The incubator was a big step forward for us.”
After they got their start, Kellehers and Caro were able to launch the Caro Accelerator, which is now part of Caro Global, an incubator that supports and supports female entrepreneurs in the US and Europe.
The accelerator is run by Caro founder and CEO Mollie Caro, whose husband, Matt, is the CEO of Kellehes and Caros company, Cigna.
“Cigna’s mission is to empower women to be the leaders of the future in health, financial, and technology,” says Kelleheas’ husband, Caro CEO Matt Caro.
“We have a vision to create a world where women can lead their own businesses, run their own companies, and get paid as well.”
Caro also has partnerships with companies including Uber, Etsy, and Netflix.
The Caro accelerator is an initiative of Caroteca, an international venture capital firm that focuses on female entrepreneurs and is based in New Delhi.

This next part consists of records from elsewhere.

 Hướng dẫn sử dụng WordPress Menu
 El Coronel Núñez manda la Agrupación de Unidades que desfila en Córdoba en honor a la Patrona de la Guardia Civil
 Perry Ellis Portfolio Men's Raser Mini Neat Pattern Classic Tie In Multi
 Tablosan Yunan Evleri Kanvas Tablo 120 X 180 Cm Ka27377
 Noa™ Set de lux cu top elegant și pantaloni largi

The firm, which focuses on the health and technology sectors, has invested more than $30 million in female-led companies in the last three years, including the launch of the Carotacao accelerator in India and the launch in Ireland of the new Carotecon accelerator.
Carotena’s head of entrepreneurship, Karan Chatterjee, says that in the Indian market, there are not many female entrepreneurs because they are often excluded from the top echelons of the industry.

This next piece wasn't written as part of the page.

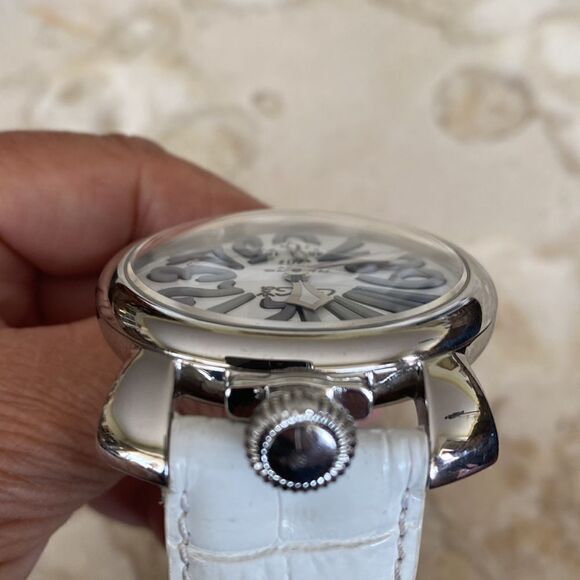 GaGà Milano Manuale 48mm Stainless Steel White - Picture 7 of 13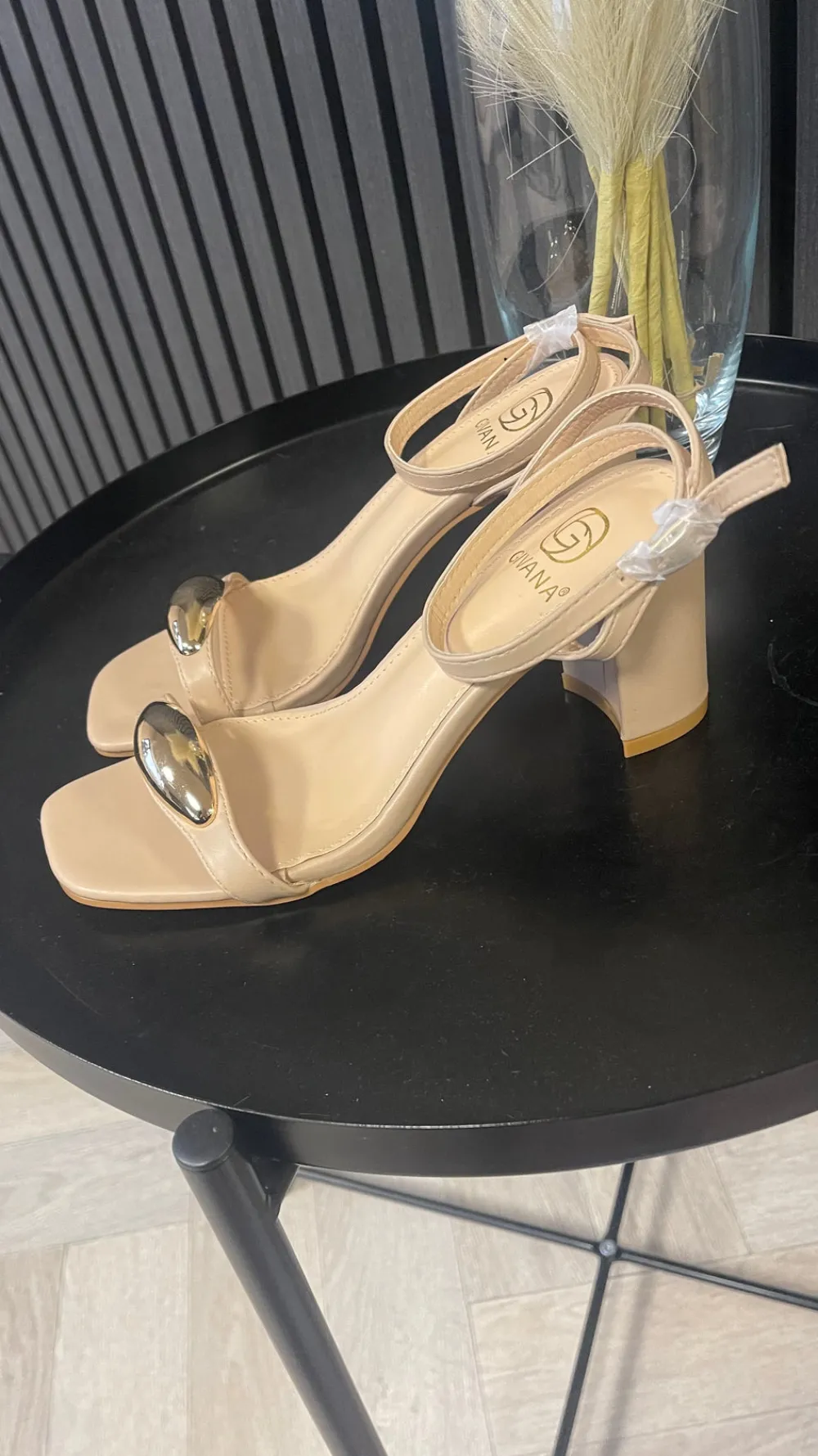 sahara_beige_gold_detail__2.webp SAS ACTIV GIVANA Heels^Sahara Beige Gold Detail Block Heeled Sandals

“Women have to prove themselves by themselves,” he says.
In Europe, Carotaca’s founders have started to see more female-oriented companies start up.
“There are so many companies coming out of Europe that are female-focused and the female entrepreneurs have a huge impact,” says Chatterji.
“The male-dominated industries, where you are judged on your looks and the amount of money you have, are just not the right environment for the growth of the female business.
They are not looking for talent.
It’s not a good environment for them to be successful.”
Kellehans’ experience of working in a male-centric environment led her to start a female business incubation program in New Jersey called the Carota Entrepreneur Network, which has now expanded to New York.
The New York incubator is now one of the largest in the world, with more than 80 women founders, according to Carota Global.
“One of the things we try to do is create an environment where we encourage our female entrepreneurs to come in and start their own ventures,” says Carota CEO and co-chair, Christine Kellehan.
“It is very important that the women get to know each other and the business is not just about them.
We want to encourage the women to see themselves as entrepreneurs, not just as workers.”
Koleheas, a female entrepreneur, is one of Carota’s co-chairs and is an executive director of Caracao, which she helped found.
“You have to be able to create the right mindset,” says the 29-year-old.
“In my experience, women are always in charge and I think that’s why there is a lot of resentment toward women.
They don’t understand that it’s all about them and that’s the problem.”
A few years ago, Koleher founded a startup called Fulfillment.com, which allows women to buy and sell products with their friends.
But she says she also saw the need for women entrepreneurs in tech.
“This industry is changing so quickly.
We’re just not seeing the kinds of leaders that are out there,” she explains.
“If there’s a good idea that we think could help people, we would be interested in participating in it.”
Carota is also launching a series of women-focused accelerator programs in Europe and Asia, and is working on a new venture capital fund that will help female-owned companies get funded.
“For me, I believe that the female-driven companies are really the new gold in the marketplace,” says a visibly excited Kolehere.
“And we’re going to see them thrive because the women are the backbone of these companies.”
And Caro says it’s about time.
“When we started the incubator, I thought that the incubators were for white men.